A big part of being a single twenty-something is dating...more so for others than for me. However, I have dated a variety of "gentlemen" (we're using that term quite loosely, here). I've had some really great experiences, some horribly awkward and uncomfortable experiences and some downright horrible experiences. Last weekend I went on a date that fully justified and supported every judgmental thought people have about online dating. Yes, I'm doing the online dating thing. I do not defend or explain it. It just is. (I should probably insert a little disclaimer here. I'm feeling a bit prickly today. Which, I realize is not the best time to be blogging but here we are.)
Friday, July 13, 2012
Anyway, back to my date. We'll call him Jack. Jack and I had been emailing for a while, texting and talking on the phone. He is from Texas, has a delightful southern drawl and made me laugh more than any other guy in the past. We had great chemistry and I was pretty excited when he asked me out on a date. Turns out that this charming southern gentleman is actually a self-proclaimed homophobe, an advocate of corporal punishment in schools and saw no problem, whatsoever, with the use of the "n" word. Needless to say, it wasn't going to happen between us. The quirky, appropriate jokes of our previous conversations had been traded in for crude bathroom humor and inappropriate stories. I just kept asking myself...who is this guy??? He also lived at home with his parents, did not have a college degree and didn't want to put forth the effort to get into shape after being warned by his doctor he needed to.

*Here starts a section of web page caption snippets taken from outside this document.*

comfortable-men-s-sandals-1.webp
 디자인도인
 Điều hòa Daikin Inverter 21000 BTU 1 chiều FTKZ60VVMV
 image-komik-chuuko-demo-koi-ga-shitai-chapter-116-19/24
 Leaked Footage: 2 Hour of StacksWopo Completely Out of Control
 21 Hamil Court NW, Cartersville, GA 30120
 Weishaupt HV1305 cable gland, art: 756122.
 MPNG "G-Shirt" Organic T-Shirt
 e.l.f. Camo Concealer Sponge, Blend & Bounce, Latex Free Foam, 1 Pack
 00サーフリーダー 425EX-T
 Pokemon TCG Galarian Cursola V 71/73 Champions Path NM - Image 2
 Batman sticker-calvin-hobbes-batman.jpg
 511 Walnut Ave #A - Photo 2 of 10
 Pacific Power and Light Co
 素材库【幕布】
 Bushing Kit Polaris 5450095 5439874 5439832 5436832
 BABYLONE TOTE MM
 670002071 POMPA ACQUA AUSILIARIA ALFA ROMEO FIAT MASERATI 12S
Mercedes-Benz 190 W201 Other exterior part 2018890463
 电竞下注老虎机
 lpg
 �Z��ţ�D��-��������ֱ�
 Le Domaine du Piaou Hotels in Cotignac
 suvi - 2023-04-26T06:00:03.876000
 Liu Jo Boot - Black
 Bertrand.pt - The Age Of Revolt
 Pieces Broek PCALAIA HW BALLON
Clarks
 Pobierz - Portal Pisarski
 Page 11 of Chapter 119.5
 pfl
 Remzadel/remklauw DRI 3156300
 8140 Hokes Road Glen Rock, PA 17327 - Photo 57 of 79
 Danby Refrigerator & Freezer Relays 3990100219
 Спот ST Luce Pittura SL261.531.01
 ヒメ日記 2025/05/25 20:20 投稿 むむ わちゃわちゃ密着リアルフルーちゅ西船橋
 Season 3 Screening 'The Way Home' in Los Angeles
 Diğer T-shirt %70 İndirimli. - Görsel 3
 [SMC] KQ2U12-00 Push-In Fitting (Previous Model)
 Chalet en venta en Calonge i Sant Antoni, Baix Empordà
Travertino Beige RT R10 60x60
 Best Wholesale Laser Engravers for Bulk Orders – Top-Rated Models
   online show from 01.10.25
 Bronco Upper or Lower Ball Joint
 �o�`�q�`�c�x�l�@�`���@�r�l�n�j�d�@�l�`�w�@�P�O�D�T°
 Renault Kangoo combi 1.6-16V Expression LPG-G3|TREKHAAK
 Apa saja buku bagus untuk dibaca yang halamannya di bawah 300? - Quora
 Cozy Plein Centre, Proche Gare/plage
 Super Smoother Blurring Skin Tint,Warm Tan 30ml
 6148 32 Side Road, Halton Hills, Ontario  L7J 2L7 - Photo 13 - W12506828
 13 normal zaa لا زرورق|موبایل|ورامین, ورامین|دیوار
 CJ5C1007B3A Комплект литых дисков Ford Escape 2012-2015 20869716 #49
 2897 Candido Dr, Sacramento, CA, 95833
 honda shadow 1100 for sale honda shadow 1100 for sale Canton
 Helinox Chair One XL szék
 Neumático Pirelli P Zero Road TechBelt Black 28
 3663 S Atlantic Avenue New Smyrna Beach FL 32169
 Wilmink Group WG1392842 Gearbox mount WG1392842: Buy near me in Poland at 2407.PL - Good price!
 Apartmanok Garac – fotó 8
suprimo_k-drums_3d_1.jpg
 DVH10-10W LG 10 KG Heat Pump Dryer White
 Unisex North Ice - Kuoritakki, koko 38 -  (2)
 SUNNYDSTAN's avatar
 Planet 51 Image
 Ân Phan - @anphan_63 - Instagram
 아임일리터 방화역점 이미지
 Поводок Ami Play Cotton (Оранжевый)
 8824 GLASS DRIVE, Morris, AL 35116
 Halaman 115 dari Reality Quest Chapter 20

This takes us to today. The last two guys I have gone out with fit the same description. I will tell you, Jack definitely took home the Dr. Jekyll and Mr. Hyde Award, that's for dang sure. However, both men were 34, living at home with the parents, no college education, talked about dreams of a real career but had taken no steps to actually achieve it and had no drive beyond the next day. Now, I'm not saying that I am the best thing to happen since sliced bread but really...? I mean, seriously?!